Lille und Doha: Standesgemässe Resultate für die Schweizer Teilnehmenden

Die Schweizer Delegation zeigte an den WTT Feeder-Turnieren in Lille und Doha solide, aber erwartbare Leistungen ohne grosse Exploits.

 

Text: Sebastian Lauener / Fotos: WTT

 

Die Schweizer Delegation war in den vergangenen Tagen gleich an zwei WTT‑Feeder-Events vertreten.
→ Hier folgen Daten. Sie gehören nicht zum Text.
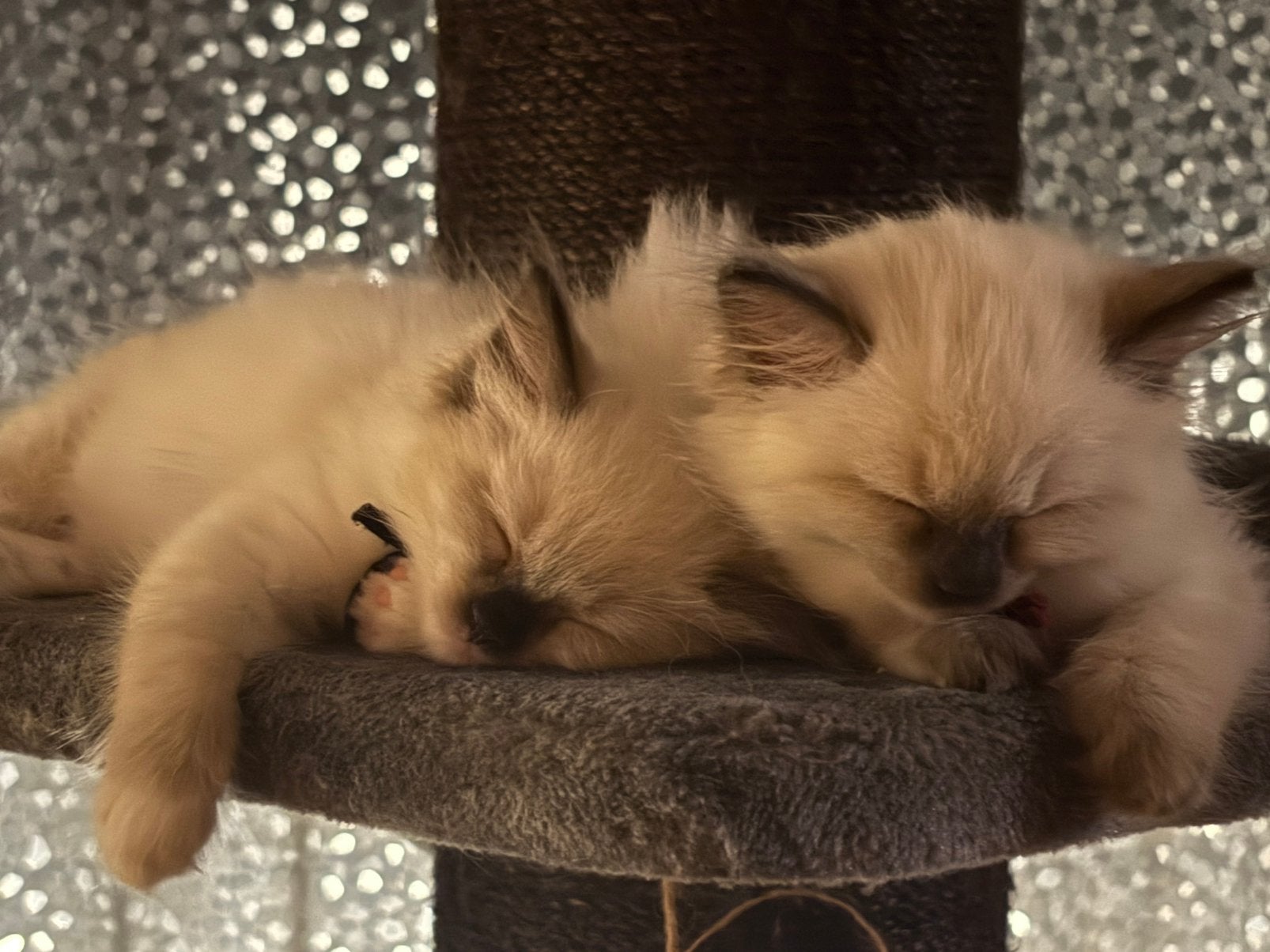 Ragdoll katertjes zoeken een “Forever Home”🏠, Meerdere dieren, Gechipt, 0 tot 2 jaar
Während am WTT Feeder in Lille fünf Athletinnen und Athleten im Einsatz standen, vertrat Yoan Rebetez als einziger Schweizer Spieler die nationalen Farben in Doha. Aus sportlicher Sicht blieb der ganz grosse Coup in Frankreich wie auch in Katar aus: Sam Boccard, Ludivine Maurer und Fanny Doutaz schieden in den Einzelkategorien in den Gruppenspielen aus. Barish Moullet (in Lille) sowie Yoan Rebetez (in Doha) gewannen ihre Dreiergruppen, schieden aber beide anschliessend in der ersten KO-Runde aus und konnten sich nicht für das Hauptfeld qualifizieren. Die für das Hauptfeld gesetzte Rachel Moret unterlag in ihrem ersten Spiel der Französin Camille Lutz (Nummer 99 der Welt) mit 1:3, wobei sie leider Satzbälle zum 2:2 ungenutzt liess.

 

Yoan Rebetez

 

Im Herrendoppel  gewannen Moullet/Boccard mit 3:1 ihr Auftaktspiel gegen eine portugiesische Paarung. Das anschliessende Achtelfinale endete aber nach einem umkämpften Schlussgang im vierten Satz mit einer Niederlage. Rachel Moret trat mit der Luxemburgerin Sarah De Nutte im Doppel an, schied aber im ersten Spiel ebenfalls im Achtelfinale aus. Doutaz/Maurer hatten im Damendoppel eine gute Auslosung und nutzten ihre Chance: Mit zwei erfreulichen 3:0-Erfolgen spielten sie sich bis ins Viertelfinale, wo sie aber letztlich den Finalistinnen aus Italien unterlagen.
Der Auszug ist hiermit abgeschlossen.